Collinearity between predictors: what happens under the hood

  • I
  • Thread starter fog37
  • Start date
In summary: Interaction effects are not accounted for in a linear regression model by using a single beta. Instead, a multiple beta model is used to account for the interaction between the variables.
  • #1
fog37
1,568
108
TL;DR Summary
Understanding the idea of "keeping the other predictors fixed" to interpret partial coefficients
Hello,

In the presence of NO multicollinearity, with a linear regression model like ##Y=3 X_1+2 X_2##, the predictors ##X_1, X_2## are not pairwise correlated.
  • When ##X_1## changes by 1 unit, the dependent variable ##Y## change by a factor of ##3##, i.e. ##\Delta Y =3##, while the other variables are kept fixed/constant, i.e. they are not simultaneously changing with ##X_1## and participating in the ##\Delta Y## being equal to 3. By analogy, it is like the predictors are working "decoupled" gears.
  • However, when multicollinearity is present (##X_1## and ##X_2## are correlated), it is not true that as ##X_1## changes by 1 unit, the change ##\Delta Y=3## is not solely due to that unit change in ##X_1## alone while the other variables are fixed/constant. The number 3 is due to the explicit change of ##X_1## but also to the implicit change of ##X_2## (also by one unit?) caused by ##X_1##: changing the variable ##X_1## also changes automatically the variable ##X_2## which is not kept constant while ##X_1## changes.
I think my understanding is correct but I don't fully understand how all this happens mechanically within the data. Does the idea of "while keeping the other variables fixed" really mean that the calculation of the coefficients ##\beta## involves the pairwise correlation between ##r_{12}## compromising the purity of the coefficient? I just don't see how, operationally, changing ##X_1## by one unit (i.e. setting ##X_1=1##) automatically, under the hood, activates a change of ##X_2## in the equation which silently contributes to a partial change of ##\Delta Y##.

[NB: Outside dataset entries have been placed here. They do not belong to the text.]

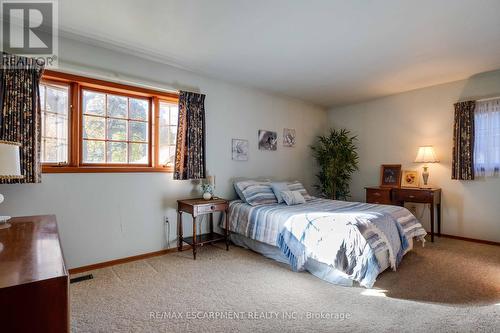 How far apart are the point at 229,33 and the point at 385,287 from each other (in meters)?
2.85

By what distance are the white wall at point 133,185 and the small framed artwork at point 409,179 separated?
226 cm

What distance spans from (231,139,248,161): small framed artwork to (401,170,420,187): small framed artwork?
2776 mm

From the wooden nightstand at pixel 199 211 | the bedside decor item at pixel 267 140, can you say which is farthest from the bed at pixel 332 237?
the bedside decor item at pixel 267 140

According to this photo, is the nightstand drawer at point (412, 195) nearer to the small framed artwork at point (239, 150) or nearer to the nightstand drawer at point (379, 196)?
the nightstand drawer at point (379, 196)

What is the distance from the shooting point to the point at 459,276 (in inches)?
104

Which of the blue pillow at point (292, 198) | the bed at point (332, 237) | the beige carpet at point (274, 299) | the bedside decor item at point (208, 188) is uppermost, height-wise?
the bedside decor item at point (208, 188)

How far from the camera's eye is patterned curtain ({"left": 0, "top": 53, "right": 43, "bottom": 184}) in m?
2.27

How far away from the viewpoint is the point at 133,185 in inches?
122

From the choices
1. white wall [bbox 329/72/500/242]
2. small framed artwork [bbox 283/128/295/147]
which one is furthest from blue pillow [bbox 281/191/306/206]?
white wall [bbox 329/72/500/242]

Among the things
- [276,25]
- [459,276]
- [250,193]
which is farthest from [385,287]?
[276,25]

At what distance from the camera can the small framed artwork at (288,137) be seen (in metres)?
4.85

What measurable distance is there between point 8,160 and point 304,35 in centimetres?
265

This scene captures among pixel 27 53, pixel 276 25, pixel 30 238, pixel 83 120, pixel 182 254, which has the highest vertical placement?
pixel 276 25

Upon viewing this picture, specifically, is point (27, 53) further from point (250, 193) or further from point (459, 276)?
point (459, 276) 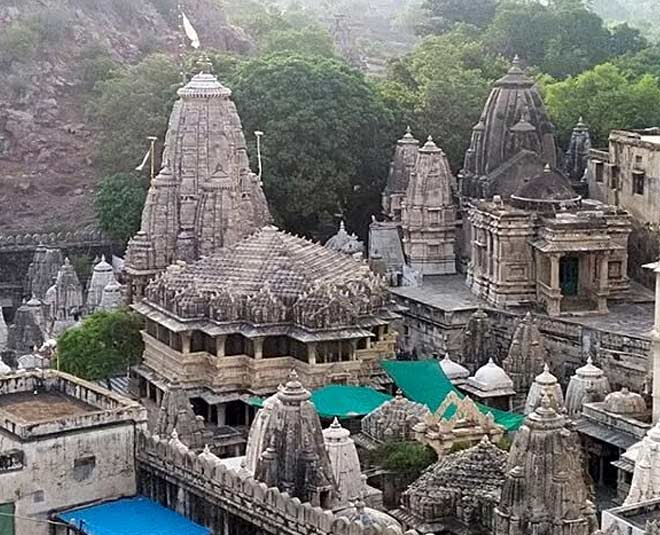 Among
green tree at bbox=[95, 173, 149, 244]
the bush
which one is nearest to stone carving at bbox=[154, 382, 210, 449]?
green tree at bbox=[95, 173, 149, 244]

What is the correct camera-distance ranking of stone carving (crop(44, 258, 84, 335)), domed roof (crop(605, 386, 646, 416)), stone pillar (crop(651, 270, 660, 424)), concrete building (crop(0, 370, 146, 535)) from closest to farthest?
concrete building (crop(0, 370, 146, 535)) → stone pillar (crop(651, 270, 660, 424)) → domed roof (crop(605, 386, 646, 416)) → stone carving (crop(44, 258, 84, 335))

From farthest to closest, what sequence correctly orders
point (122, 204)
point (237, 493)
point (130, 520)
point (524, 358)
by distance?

It is like ##\Delta Y## = (##\Delta Y## due to ##X_1##) + (##\Delta Y## due to ##X_2##)

Thank you for any clarification.
 
Physics news on Phys.org
  • #2
In the case of correlated independent variables, ##X_1## and ##X_2##, the coefficients of the linear regression are not necessarily unique. As an extreme example, consider the case where ##X_1= X_2##. The use of a second variable is completely redundant and linear regressions with both variables are possible with a whole set of coefficient combinations.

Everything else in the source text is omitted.